Data supplied:
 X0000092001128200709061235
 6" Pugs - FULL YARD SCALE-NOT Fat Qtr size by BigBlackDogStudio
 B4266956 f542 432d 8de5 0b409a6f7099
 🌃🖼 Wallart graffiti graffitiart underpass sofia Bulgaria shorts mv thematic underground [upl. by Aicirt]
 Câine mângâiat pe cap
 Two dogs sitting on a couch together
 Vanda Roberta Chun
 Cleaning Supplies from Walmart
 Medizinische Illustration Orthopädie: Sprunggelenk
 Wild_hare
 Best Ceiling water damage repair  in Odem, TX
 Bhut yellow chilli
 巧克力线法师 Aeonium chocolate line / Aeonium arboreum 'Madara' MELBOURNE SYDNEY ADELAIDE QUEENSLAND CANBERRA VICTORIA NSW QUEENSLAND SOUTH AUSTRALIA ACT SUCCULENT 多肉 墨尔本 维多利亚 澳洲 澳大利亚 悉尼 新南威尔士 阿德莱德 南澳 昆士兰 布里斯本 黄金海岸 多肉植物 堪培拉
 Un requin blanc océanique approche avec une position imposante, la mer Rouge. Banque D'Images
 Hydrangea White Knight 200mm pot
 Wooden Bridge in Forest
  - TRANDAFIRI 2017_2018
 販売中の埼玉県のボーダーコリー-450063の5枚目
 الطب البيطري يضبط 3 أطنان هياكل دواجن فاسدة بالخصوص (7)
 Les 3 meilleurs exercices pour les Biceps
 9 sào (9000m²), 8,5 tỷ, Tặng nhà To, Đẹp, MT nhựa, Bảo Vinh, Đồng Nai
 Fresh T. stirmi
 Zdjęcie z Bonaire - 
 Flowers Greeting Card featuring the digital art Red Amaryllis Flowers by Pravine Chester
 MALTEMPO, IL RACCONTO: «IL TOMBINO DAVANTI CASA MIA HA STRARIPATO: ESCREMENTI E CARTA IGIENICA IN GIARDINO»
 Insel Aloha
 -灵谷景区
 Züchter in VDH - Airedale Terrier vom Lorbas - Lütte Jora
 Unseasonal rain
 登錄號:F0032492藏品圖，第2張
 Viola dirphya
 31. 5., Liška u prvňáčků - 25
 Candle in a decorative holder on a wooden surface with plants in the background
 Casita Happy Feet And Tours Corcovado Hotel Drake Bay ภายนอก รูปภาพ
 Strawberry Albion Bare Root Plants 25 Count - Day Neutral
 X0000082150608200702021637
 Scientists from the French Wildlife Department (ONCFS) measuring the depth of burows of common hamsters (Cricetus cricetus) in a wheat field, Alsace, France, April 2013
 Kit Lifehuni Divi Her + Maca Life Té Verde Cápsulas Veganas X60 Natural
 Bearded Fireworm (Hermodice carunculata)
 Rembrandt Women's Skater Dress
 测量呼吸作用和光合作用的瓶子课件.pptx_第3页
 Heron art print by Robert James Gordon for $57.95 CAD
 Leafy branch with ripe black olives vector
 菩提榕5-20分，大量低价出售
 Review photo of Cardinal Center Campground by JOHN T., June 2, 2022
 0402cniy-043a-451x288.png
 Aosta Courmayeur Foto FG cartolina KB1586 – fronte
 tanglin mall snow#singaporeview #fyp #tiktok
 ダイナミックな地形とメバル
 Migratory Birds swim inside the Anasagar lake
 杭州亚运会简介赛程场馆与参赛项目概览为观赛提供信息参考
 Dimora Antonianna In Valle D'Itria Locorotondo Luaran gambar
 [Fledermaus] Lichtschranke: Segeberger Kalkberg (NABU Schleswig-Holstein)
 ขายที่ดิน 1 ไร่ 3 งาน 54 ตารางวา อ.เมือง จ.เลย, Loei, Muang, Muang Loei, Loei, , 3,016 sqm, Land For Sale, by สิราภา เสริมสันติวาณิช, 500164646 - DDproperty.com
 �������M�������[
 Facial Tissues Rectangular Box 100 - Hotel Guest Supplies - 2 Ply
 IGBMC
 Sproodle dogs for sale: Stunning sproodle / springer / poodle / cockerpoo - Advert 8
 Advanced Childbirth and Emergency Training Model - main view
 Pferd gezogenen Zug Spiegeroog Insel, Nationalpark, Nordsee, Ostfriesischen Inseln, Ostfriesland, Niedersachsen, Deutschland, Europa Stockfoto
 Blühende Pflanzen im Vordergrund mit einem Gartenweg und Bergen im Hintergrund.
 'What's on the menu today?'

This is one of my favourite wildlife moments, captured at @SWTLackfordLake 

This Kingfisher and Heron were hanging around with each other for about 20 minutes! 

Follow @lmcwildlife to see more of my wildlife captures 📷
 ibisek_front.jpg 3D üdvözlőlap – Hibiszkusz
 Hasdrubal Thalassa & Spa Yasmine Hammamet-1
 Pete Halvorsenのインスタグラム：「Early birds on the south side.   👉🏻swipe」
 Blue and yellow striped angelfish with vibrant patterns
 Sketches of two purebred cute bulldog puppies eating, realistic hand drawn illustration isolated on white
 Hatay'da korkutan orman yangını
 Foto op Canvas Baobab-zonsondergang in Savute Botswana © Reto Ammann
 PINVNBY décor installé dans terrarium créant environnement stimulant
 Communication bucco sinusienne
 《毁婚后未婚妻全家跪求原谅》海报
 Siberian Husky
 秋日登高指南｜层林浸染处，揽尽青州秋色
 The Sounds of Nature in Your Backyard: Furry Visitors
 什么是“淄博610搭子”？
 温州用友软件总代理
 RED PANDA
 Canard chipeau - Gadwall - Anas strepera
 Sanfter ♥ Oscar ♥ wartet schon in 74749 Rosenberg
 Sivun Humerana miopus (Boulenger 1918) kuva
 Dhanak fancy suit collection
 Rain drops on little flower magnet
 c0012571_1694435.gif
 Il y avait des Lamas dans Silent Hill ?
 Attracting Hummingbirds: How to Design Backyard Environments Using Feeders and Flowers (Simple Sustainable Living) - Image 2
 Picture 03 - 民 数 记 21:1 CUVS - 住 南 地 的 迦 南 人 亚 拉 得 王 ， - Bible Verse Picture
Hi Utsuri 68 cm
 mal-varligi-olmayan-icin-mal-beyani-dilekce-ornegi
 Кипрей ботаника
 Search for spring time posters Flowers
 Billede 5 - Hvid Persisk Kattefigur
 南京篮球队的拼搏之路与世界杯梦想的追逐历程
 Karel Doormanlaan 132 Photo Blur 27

Try it: Go through the data above and tally every line that includes "yellow". State only the total.

Response to this exercise: 2